In Badgerow v. Walters, the high court was asked to decide whether a federal court can review an arbitration award when the only basis for federal jurisdiction is that the underlying dispute involved a federal question.
"This case involves a pretty obscure question about jurisdiction—the kind of question that understandably causes many non-lawyers' eyes to glaze over," said Chris Murray, an attorney with Ogletree Deakins in Indianapolis.
But the outcome has implications for businesses that use employment-related arbitration agreements. "Under the court's new decision, employers—and employees—will now more often be required to file their motions to confirm, modify or vacate arbitration awards in state rather than federal court," Murray explained.
Why does this matter to employers? Jesse Panuccio, an attorney with Boies Schiller Flexner in Washington, D.C., noted that employers generally tend to favor arbitration as an efficient and lower-cost method of resolving employment disputes. "Traditionally, state courts have been seen as more hostile to arbitration, so employers generally might favor federal court jurisdiction in these circumstances," he said.
Daniel Geyser, an attorney with Haynes Boone in Denver and Dallas, argued before the Supreme Court on behalf of the employee in the case. He said the decision helps clarify the jurisdictional rules for everyday filings under the Federal Arbitration Act (FAA). "This will help provide certainty—for employers and employees alike—in deciding where to litigate post-arbitration issues," he noted.
Here are some key points for employers to note about the ruling.
Background
The FAA was enacted in 1925 to give validity to arbitration as an enforceable alternative to litigation. In recent years, courts have consistently upheld arbitration agreements that apply to employment relationships, and the Supreme Court has maintained a "liberal federal policy favoring arbitration agreements" in its prior rulings.
In many employment arbitration cases, a worker who signed a pre-dispute arbitration agreement decides post-dispute to take the claim to court, and therefore challenges the enforceability of the agreement. FAA Section 4 governs whether courts have jurisdiction to compel arbitration in such cases.
In Badgerow, the Supreme Court was asked to decide whether the analysis for Section 4 claims applies to claims brought under FAA Sections 9 and 10, which govern federal courts' jurisdiction to compel or vacate arbitration awards.
In this case, a fired employee had brought multiple claims in different forums, including arbitration, which were all dismissed. The employer ultimately asked a federal court to confirm dismissal of the claims. Then the employee filed a claim in state court against the company's principal operators, arguing that the arbitration award in their favor was obtained through fraudulent means and should be vacated.
The employee's state-court claim was removed to the federal court, and the 5th U.S. Circuit Court of Appeals ultimately affirmed that the federal court had the authority to hear the underlying claim—and therefore also had authority to confirm or vacate the arbitration award.
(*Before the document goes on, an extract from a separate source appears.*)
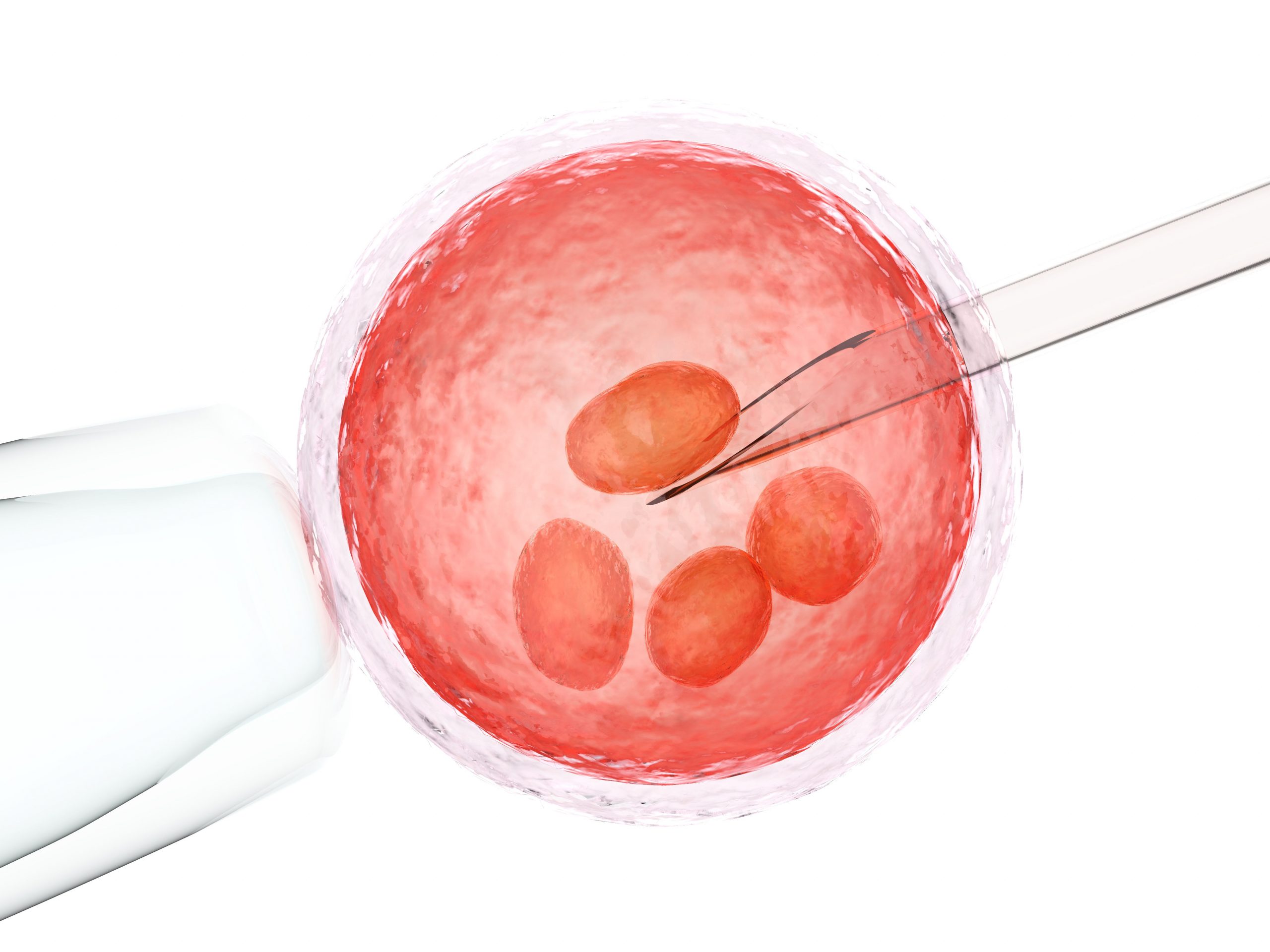 Pobranie komórki jajowej do in vitro krok po kroku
The employee petitioned the Supreme Court in an effort to proceed with her state-court claims.
Siding with the employee, the high court noted that Congress gives federal district courts jurisdiction over two main kinds of cases: lawsuits between citizens of different states with disputes valued at more than $75,000 and lawsuits "arising under" federal law.
In this case, the parties were from the same state. Additionally, "although the underlying termination dispute involved federal claims, the controversy at issue involved the enforceability of an arbitration award, which the court said is merely a contractual dispute that typically involves only state law," explained law firm Jackson Lewis. Thus, there was no jurisdiction based on a federal question.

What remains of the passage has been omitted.